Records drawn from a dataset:
------------------------------------

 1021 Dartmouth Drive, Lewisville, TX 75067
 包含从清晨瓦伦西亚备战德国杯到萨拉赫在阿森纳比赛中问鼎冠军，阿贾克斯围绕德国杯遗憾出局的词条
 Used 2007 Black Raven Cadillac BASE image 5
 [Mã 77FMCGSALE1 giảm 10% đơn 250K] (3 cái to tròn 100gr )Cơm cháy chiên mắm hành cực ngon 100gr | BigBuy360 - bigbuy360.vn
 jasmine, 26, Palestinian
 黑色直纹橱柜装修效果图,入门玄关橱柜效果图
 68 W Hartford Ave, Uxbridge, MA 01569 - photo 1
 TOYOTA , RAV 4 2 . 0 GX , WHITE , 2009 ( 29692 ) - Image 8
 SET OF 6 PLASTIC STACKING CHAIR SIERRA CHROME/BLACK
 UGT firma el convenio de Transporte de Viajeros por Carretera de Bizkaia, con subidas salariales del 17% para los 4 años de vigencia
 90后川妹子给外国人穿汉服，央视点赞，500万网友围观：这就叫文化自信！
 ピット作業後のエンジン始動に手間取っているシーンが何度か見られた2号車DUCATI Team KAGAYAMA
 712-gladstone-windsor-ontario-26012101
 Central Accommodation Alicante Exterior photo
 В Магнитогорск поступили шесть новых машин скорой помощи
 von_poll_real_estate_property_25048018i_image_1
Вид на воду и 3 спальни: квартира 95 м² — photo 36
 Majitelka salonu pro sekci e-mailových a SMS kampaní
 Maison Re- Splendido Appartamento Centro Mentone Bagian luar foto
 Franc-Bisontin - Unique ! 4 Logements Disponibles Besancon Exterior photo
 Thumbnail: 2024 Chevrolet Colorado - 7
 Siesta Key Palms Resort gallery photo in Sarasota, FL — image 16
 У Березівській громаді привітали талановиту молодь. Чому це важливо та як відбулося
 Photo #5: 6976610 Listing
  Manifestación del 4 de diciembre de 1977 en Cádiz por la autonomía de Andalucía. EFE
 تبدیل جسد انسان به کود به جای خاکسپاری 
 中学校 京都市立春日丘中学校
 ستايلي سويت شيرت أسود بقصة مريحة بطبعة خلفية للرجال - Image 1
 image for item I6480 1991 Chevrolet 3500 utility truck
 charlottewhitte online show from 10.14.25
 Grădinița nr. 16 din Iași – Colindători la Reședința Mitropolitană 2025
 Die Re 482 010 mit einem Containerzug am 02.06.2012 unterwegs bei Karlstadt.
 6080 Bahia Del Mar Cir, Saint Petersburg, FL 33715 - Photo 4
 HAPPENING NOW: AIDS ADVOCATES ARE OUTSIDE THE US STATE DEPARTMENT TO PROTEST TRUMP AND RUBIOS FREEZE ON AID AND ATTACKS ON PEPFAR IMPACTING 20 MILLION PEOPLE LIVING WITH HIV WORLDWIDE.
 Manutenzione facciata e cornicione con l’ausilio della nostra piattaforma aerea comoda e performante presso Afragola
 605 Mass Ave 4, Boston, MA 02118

------------------------------------

Only the lines above starting at the one containing "Used 2007 Black Raven Cadillac BASE image 5" and ending at the one containing "68 W Hartford", both included, are to be returned, exactly as they read.

### Answer box
 Used 2007 Black Raven Cadillac BASE image 5
 [Mã 77FMCGSALE1 giảm 10% đơn 250K] (3 cái to tròn 100gr )Cơm cháy chiên mắm hành cực ngon 100gr | BigBuy360 - bigbuy360.vn
 jasmine, 26, Palestinian
 黑色直纹橱柜装修效果图,入门玄关橱柜效果图
 68 W Hartford Ave, Uxbridge, MA 01569 - photo 1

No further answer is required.